Genre & Material
Where can I find this in Berlin?
The portrayed woman actually existed. The Gemeentearchief in Haarlem gave disclosure on her. She stayed in a working house in Haarlem, which was to that time also a mental hospital and jail. She stayed in the section for people suffering from leprosy and paid about 65 Gulden towards rent. Frans Hals’s son Pieter, who was also living in the work house, was considered mentally ill by the major and was sentenced to stay there for the rest of his life.

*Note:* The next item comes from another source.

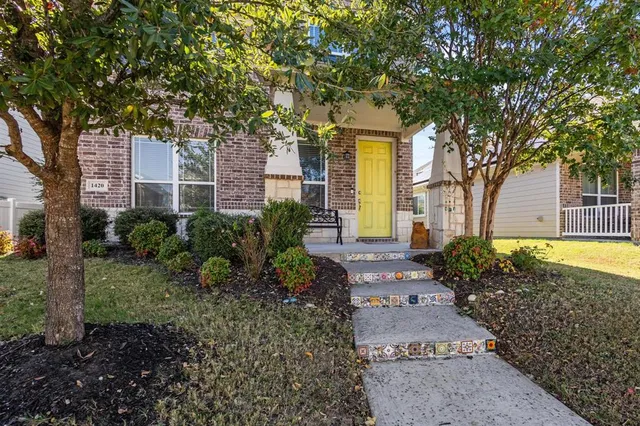 a front view of a house with garden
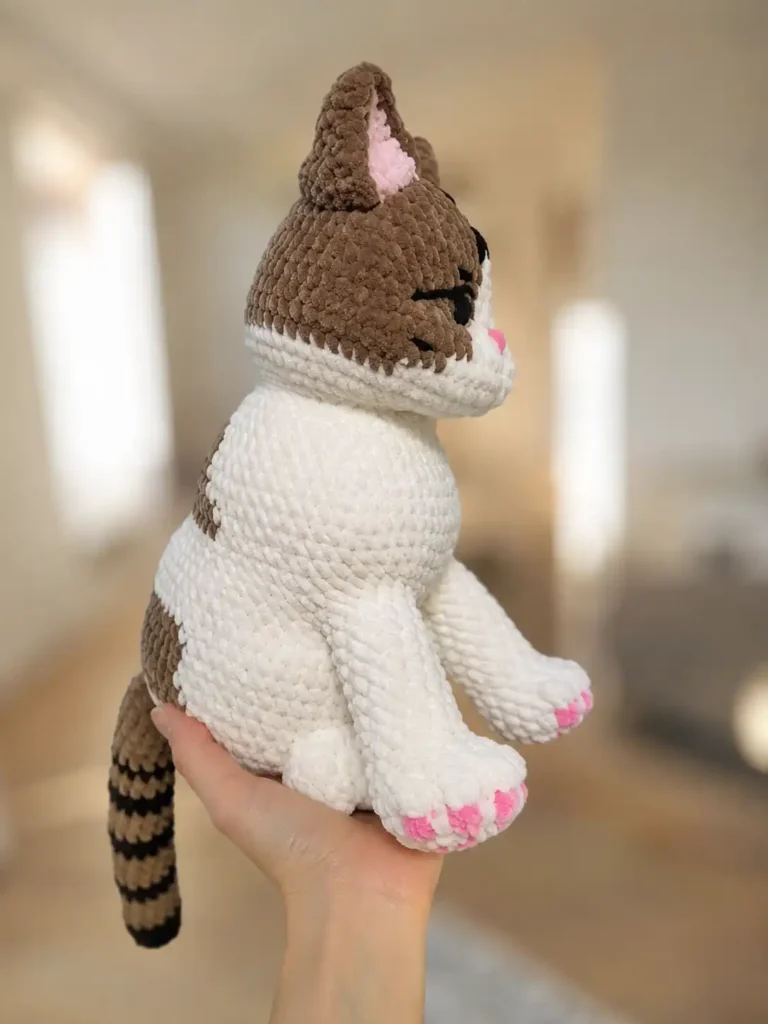 Side profile of a fluffy crochet cat amigurumi free pattern held in hand, highlighting pink toes and brown back stripes.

With hard, sketch-like strokes of the brush Frans Hals shapes his Malle Babbe, Crazy Babara. She’s sitting at the table with typical clothes of the 17. Century. Her head glances sideways as she laughs without any apparent reason, while holding an open pewter on the table. Either a cat or an owl is sitting on her left shoulder. The pewter on her right and the owl on the left of the picture create a diagonal, which has a certain symbolic character. Perhaps alcoholism and the attribute of a witch in the form of an owl is suggested, in any case the motif seems oppressive. One cannot tell in which room she is in nor if she is laughing or talking on her own or not. It seems as if she has, under the influence of alcohol and with company of the owl – an animal that symbolizes mystery and wisdom – enraptured the world.